= Dino Perrone Compagni =

Marquis Dino Perrone Compagni (22 October 1879 in Florence – 5 January 1950 in Florence) was a leading figure in the early years of Italian fascism.

==Life==
Perrone Compagni joined the Italian Army at an early age and was a career soldier. However after reaching the rank of lieutenant he was demoted to private during the First World War for incompetence. His first political activity was in the Association Italia e Vittorio Emanuele, a minor liberal group before in November 1920 he switched to the fascists, becoming political secretary in Florence. Given his noble background Perrone Compagni came to represent the conservative wing of fascism that looked out for the interests of landowners and magnates in opposition to the more proletarian wing that followed the rough and ready leadership of the likes of Tullio Tamburini.

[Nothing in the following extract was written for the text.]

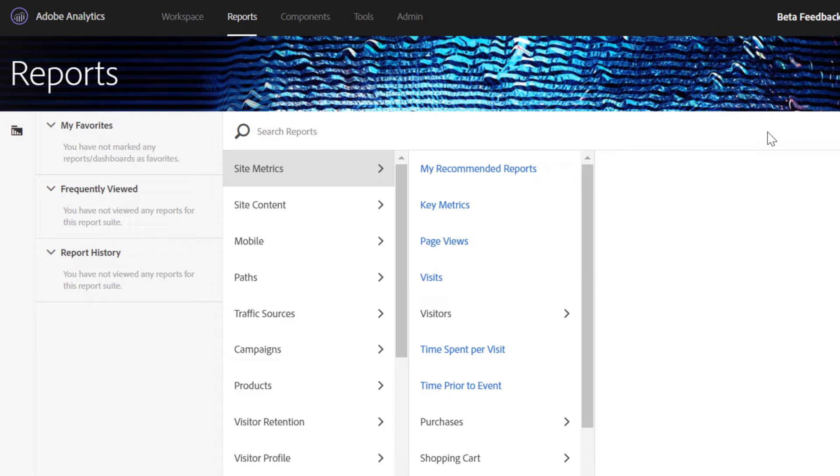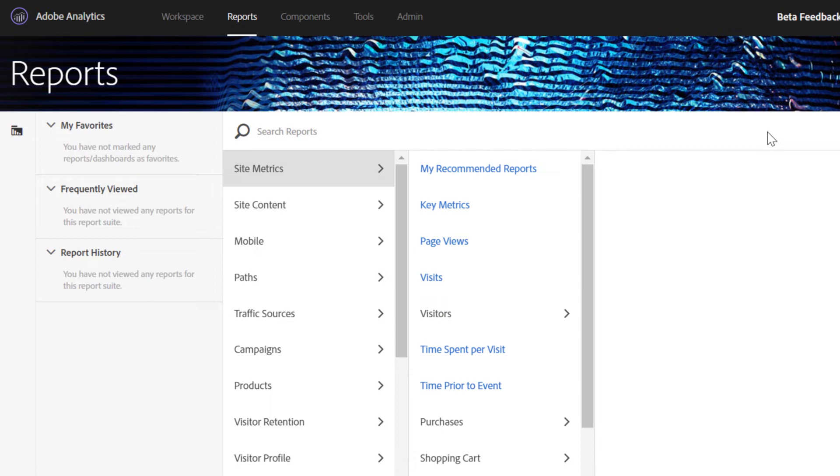Server call usage solves a long-standing problem for analytics customers. Server call usage seeks to solve this problem by combining a transparent view of a customer's server call consumption against their commitment and by way of alerts that they can create and manage that can then prompt a meaningful discussion with their customer success management and sales teams around ways to prevent overages.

Perrone Compagni became an important figure as Italy stood on the brink of takeover by Benito Mussolini when he was appointed one of the four commandants-general of the fascist squads. His importance was emphasised in the March on Rome when he commanded the Tuscan contingent of the fascist squadrons. Under Mussolini's government, Perrone Compagni enjoyed wide power, particularly in Tuscany where he was effective head of the fascist machine. Such was his power in the region that he was given the nickname of 'Grand Duke' in Tuscany. His high profile made him a target for anti-fascists, however, and he was wounded in an ambush in Perugia not long after the takeover.

He would go on to serve as prefetto of Reggio Emilia from December 1926 to January 1930 before being appointed a Minister of State in 1932. In April 1934 he was appointed to the Italian Senate and in 1938 he secured the expulsion of his rival Carlo Scorza from that body. This was to be his last action of note as he disappeared into obscurity during the Second World War and took no role in post-war politics.